最大1318平米の大きなスペースを様々に分割統合して使用できるホール
「京都産業会館ホール」とはどんなホールなのかご紹介いただけますでしょうか。
松島氏:
かつての京都産業会館ビルにあったホールは、主に着物を広げたり帯を広げたりする呉服の見本市の会場として建設されていました。当時のホールは面積としては大きなフロアではありましたが、2つのフロアに別れていたことや、室内に太い柱が何本もあったため、レイアウトに制限が生じ、利用者拡大にたいへん苦労した経験から、新しいホールは柱のない広いスペースとしました。
新しい京都産業会館ホールは最大1318平米の広さがあります。これを南室・中室・北室と3つに分割・組み合わせが可能で、用途に応じてフレキシブルに使えるようになっています。
北室は445平米で可動式の客席と大型スクリーンを完備しています。座席固定で238席、補助椅子が68席、あわせて306名が収容可能となっています。そして中室が378平米、南室が450平米となっています。

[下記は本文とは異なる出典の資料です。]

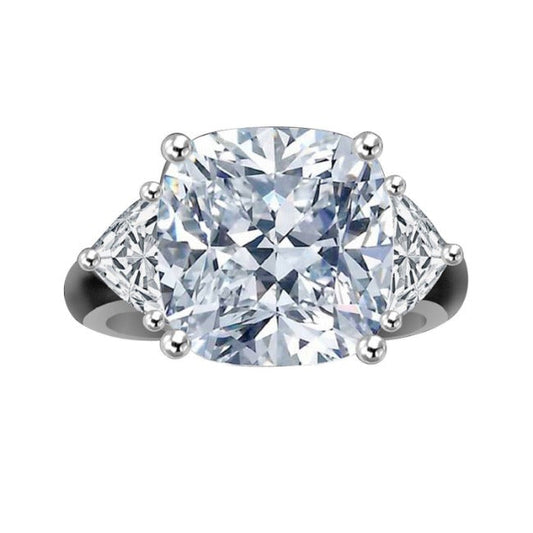 The DiamondVeneer Fashion 10CT Cushion Square Diamond Veneer Cubic Zirconia 14K Gold Ring (635R71199k) features a large cushion square center stone with two triangular side stones, all in a prong setting.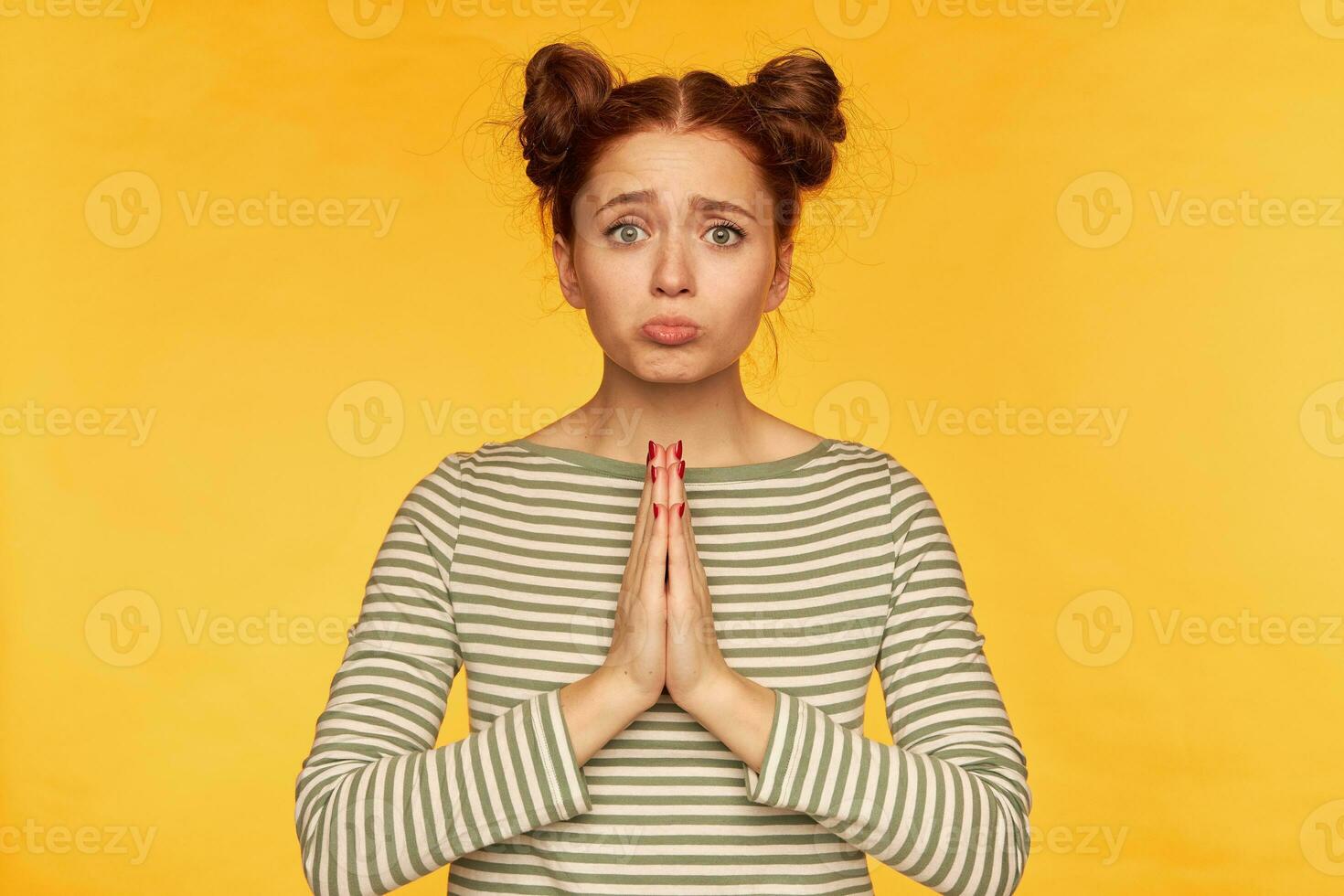 portret van aantrekkelijk, rood haar- meisje met twee broodjes. vervelend gestreept trui en aan het kijken verdrietig Bij de camera. vragen voor helpen, smeekt voor vergevingsgezind. staan geïsoleerd over- geel achtergrond foto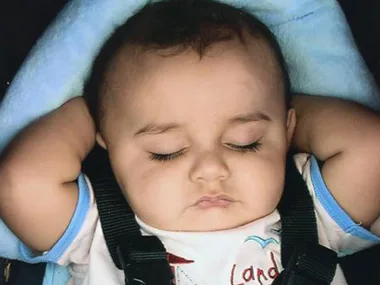 A sleeping baby in a car seat with arms behind head, wearing a white shirt with blue edging.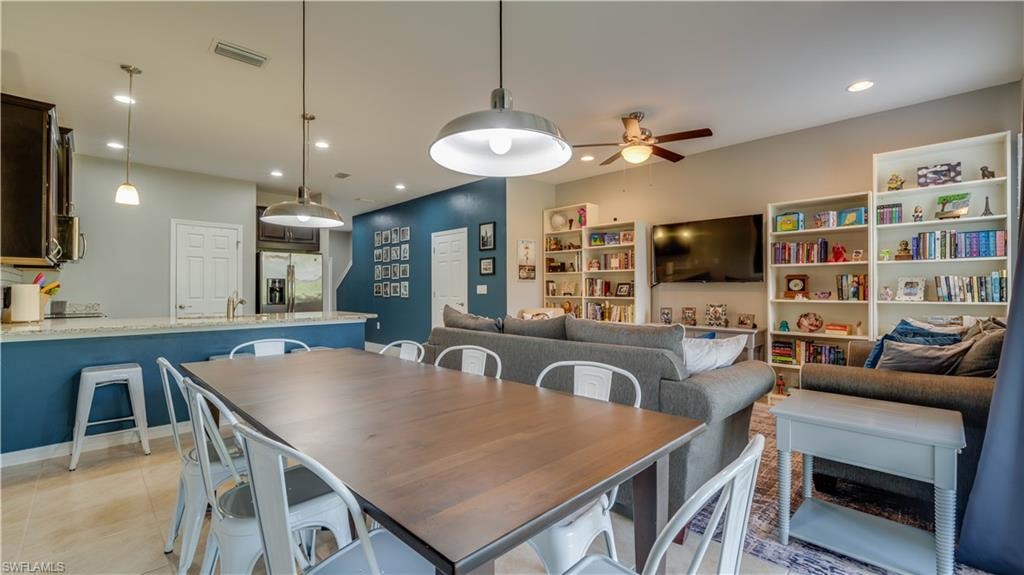 Tiled dining area featuring ceiling fan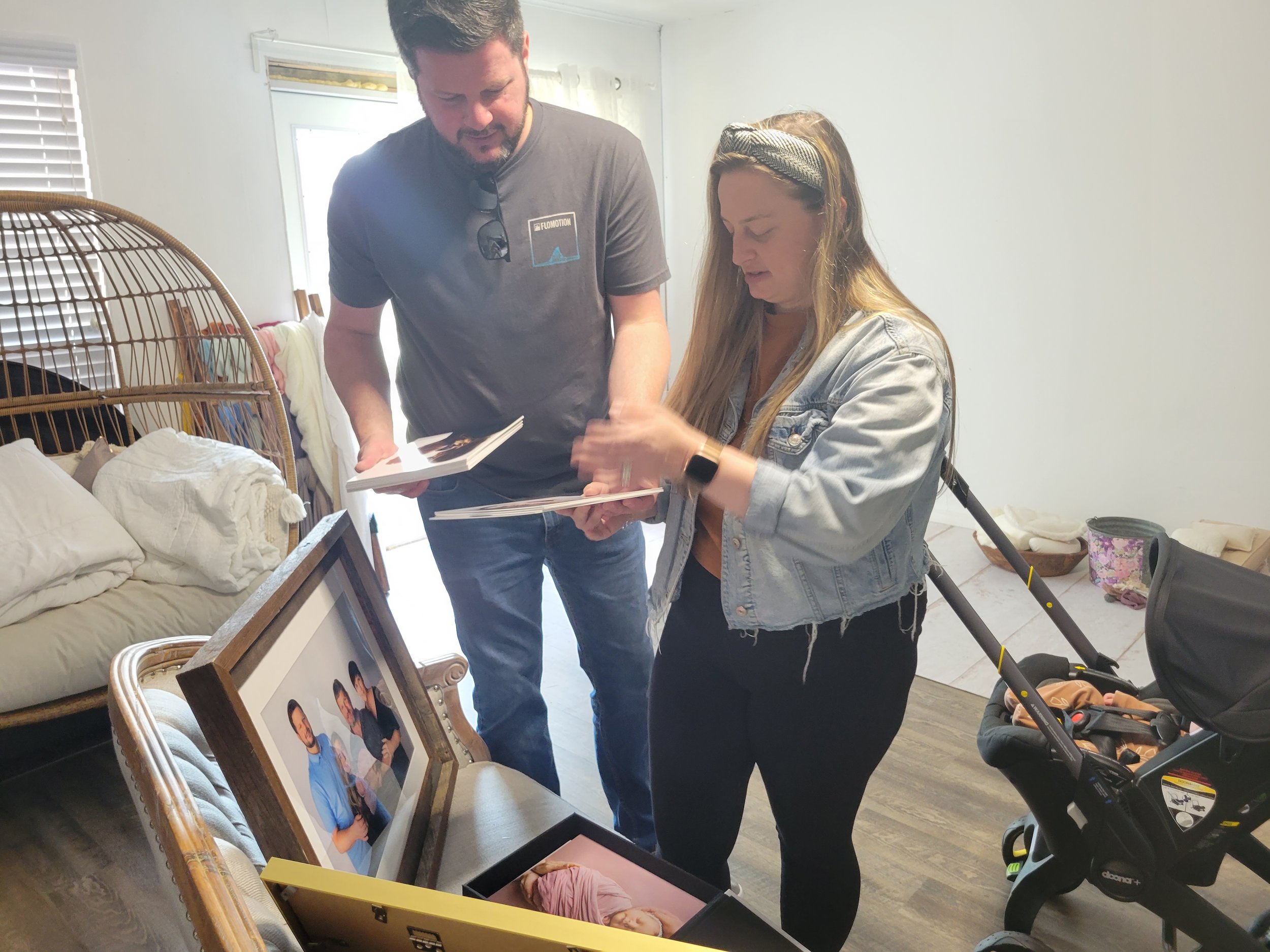 Family looking at IVF newborn photos in St. Augustine, FL photography studio. Framed photos with picture of mom and dad with baby on white background and quality props.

分割・統合はシグナルプロセッサーMRX7-Dで制御し、
各室の音響はマトリクスプロセッサーMTX5-Dで調整
音響面を担当された高田さんにおうかがいします。京都産業会館ホールの分割パターンとしては、どのような種類があるのでしょうか。
高田氏:
部屋の利用パターンは「全室統合」「各室個別」「中室+北室」「中室+南室」の組み合わせがあります。さらに音響面に関しては、各室ごとに天井に埋め込んだシーリングスピーカーを使う場合と、天井からの吊りスピーカーを使う場合を分けています。シーリングスピーカーは展示会などのBGMやアナウンスで使い、部屋全体にまんべんなく音を再生します。一方発表者や司会者、登壇者がいる場合、あるいはスクリーンを使用する場合は、音に方向性があったほうがよいので天吊りスピーカーを使用します。

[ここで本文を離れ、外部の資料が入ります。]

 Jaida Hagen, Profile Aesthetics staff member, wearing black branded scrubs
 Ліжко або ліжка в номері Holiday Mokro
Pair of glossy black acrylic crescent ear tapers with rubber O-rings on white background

シーリングスピーカーはVXC6を採用していて、これは1室に14~17基、ホワイエも含めると合計59基あります。吊り下げスピーカーは合計11基で、IF2108Wを採用しています。
かなり複雑な設定ですね。これらの切り替えはどう制御するのでしょうか。
高田氏:
音声信号伝送の基幹部分は全てDanteによるデジタルオーディオネットワークを採用しています。各室の音声はそれぞれのマトリックスミキサーMTX5-Dでミキシングし、Dante経由ですべての出力をシグナルプロセッサーMRX7-Dに集約、使用パターンに応じて各室のパワーアンプリファイアーXMV8140-Dなどに再分配、増幅してスピーカーに送ります。

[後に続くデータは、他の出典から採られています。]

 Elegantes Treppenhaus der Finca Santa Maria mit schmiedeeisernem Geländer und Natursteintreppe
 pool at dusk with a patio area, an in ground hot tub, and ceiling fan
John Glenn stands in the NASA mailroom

部屋の分割・統合のパターンはMRX7-Dにプリセットしてあり、スタッフが専用スイッチを押すだけで切り替えられるようにしています。マイクなど入力個別の音量調整もヤマハの専用のデジタルコントロールパネル「DCP4S-US」「DCP4V4S-US」で簡単に操作できるようにしています。
ヤマハならスピーカー、アンプ、プロセッサー、コントローラーまで1社でカバーできる
機材の選定やプランニングについては、主にホールの音響・映像・照明の基本設計に携わった株式会社タケナカの福永さんが担当されたそうですが、ヤマハの機器を選定いただいた理由を教えていただけますか。
福永氏:
ヤマハを選んだ最大の理由はスピーカーから、パワーアンプ、マトリクスプロセッサーまで含めて全部ひとつのメーカーで揃えることができるからです。
今回全面的に採用したDanteのようなデジタルオーディオネットワークを使った場合、安定的に運用するために重要なのがバージョンによる互換性や動作確認などです。1社であれば互換性の対応やサポート面でも安心できます。
もうひとつの理由は、ヤマハの実績です。今まで私は同様のケースで2カ所ほどヤマハを導入しましたが、いずれもノートラブルで運用できています。その安心感も大きいですね。
高田氏:
さらにもうひとつヤマハを選んだ理由があって、それは多数のマイクを使用する際に便利なDan Duganオートマチックミキサー機能が使えることです。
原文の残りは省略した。